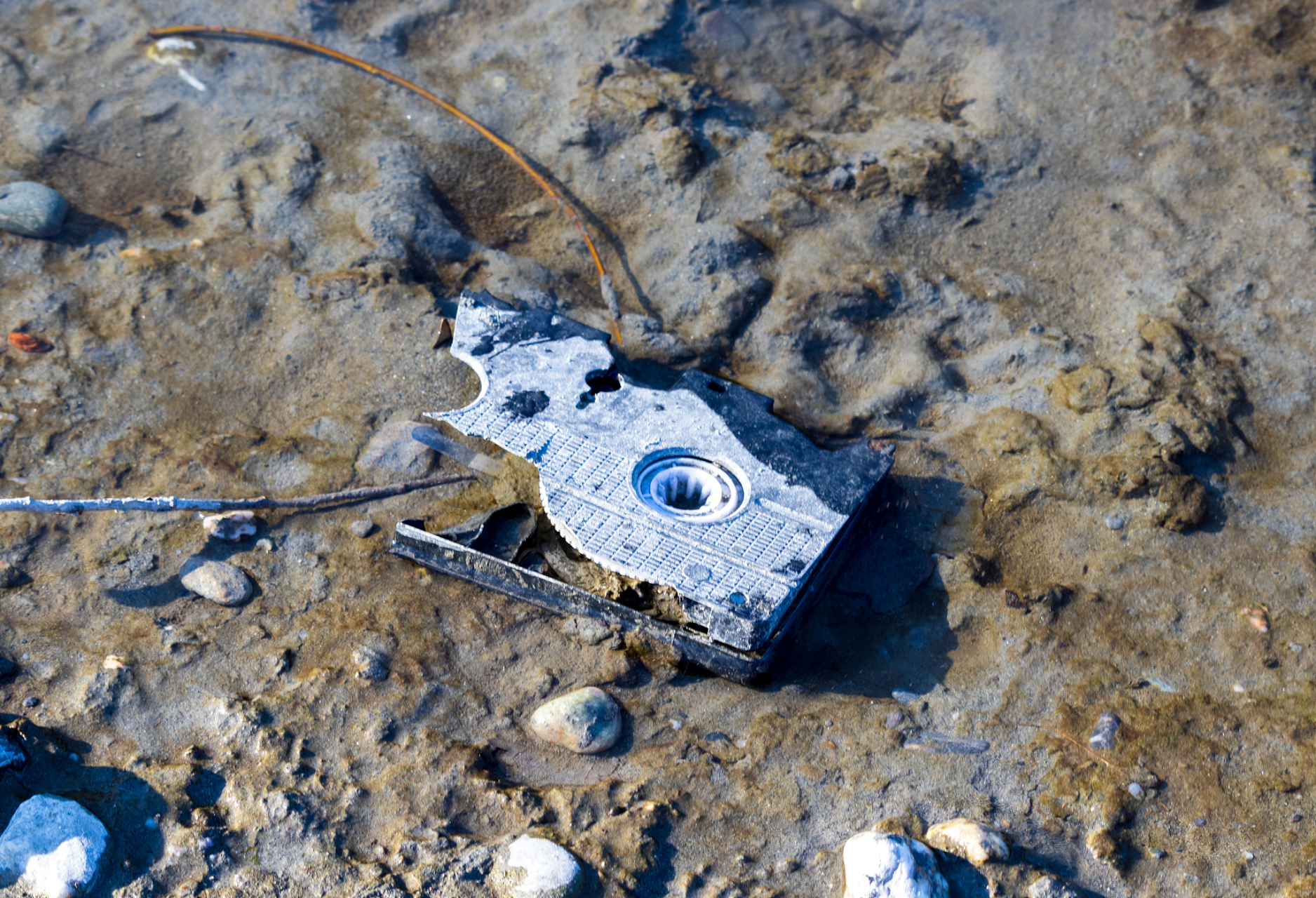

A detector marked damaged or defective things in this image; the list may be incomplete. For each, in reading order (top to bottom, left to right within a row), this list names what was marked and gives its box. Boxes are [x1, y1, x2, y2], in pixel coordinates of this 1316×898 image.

torn magnetic media [384, 293, 889, 679]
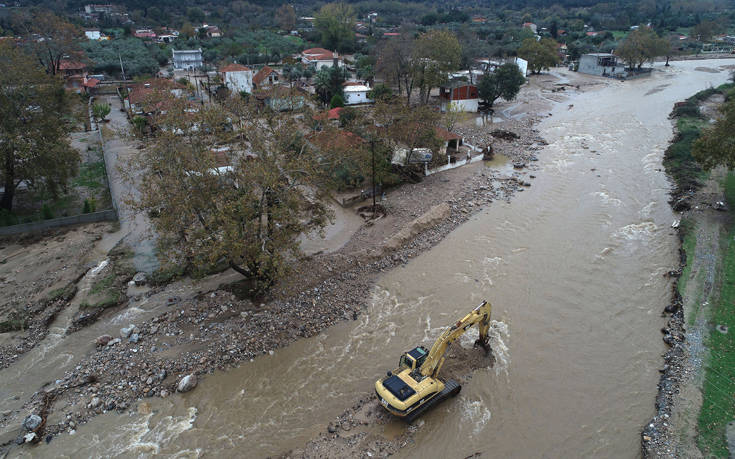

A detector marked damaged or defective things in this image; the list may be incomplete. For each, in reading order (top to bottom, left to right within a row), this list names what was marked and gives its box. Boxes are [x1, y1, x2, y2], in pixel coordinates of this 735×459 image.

damaged embankment [644, 82, 735, 456]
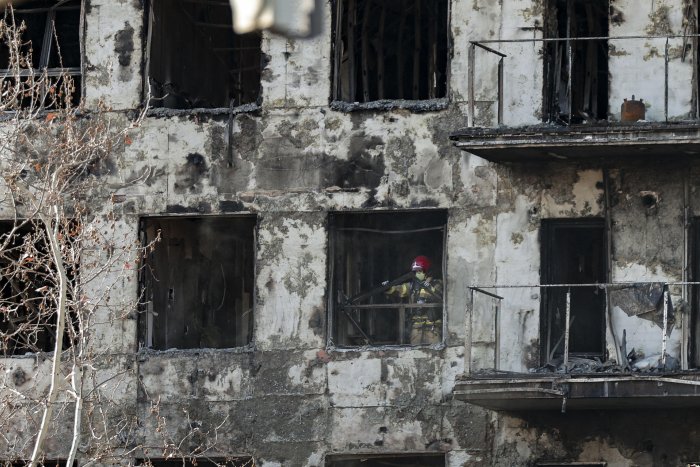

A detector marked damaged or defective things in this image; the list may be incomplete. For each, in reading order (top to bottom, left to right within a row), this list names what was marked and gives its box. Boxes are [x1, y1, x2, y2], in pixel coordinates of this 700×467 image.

broken window [0, 0, 82, 108]
broken window [146, 0, 262, 109]
broken window [332, 0, 448, 103]
broken window [544, 0, 608, 124]
damaged balcony [452, 31, 700, 164]
broken window [0, 221, 76, 356]
broken window [138, 217, 256, 352]
broken window [330, 212, 448, 348]
broken window [540, 218, 608, 364]
damaged balcony [454, 280, 700, 412]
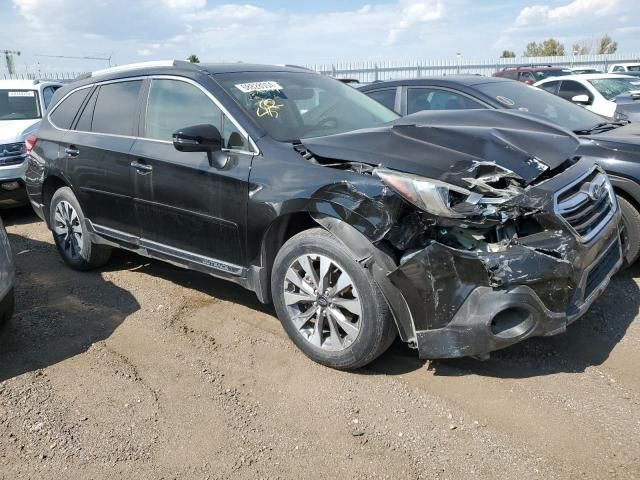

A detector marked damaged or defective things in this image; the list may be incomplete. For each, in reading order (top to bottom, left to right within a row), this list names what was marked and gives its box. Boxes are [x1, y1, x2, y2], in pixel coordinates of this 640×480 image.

crumpled hood [0, 119, 40, 143]
crumpled hood [302, 109, 580, 187]
broken headlight [376, 168, 504, 218]
damaged front end [302, 111, 624, 360]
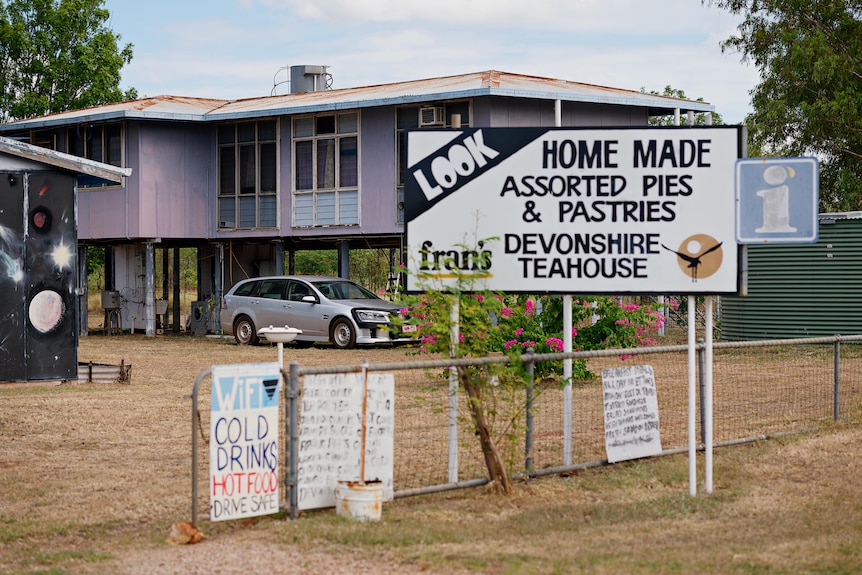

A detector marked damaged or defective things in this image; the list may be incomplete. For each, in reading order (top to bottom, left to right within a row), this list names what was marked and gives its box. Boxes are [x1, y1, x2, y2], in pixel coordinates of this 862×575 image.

rusty roof [0, 71, 716, 130]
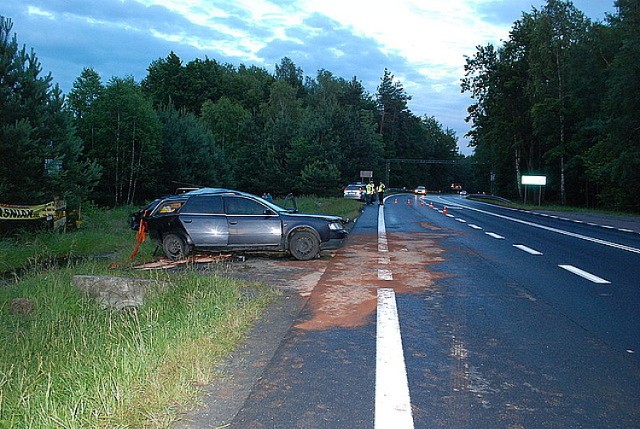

--------------------

• _What the task requires_
All lines from the one with "this 862×575 image." through the end of the records above must be reproduced exactly, both ends included, and the pictures must be left out.

• _Solution for this problem_
A detector marked damaged or defective things in this image; the list may be incomplete. For each, in reading order (top to bottom, left to right within a row), this list names what was marked and gives its box. Boxes are [x1, y1, x2, y2], in pixel coordinates of this 862×575 image.

rusty roof [0, 71, 716, 130]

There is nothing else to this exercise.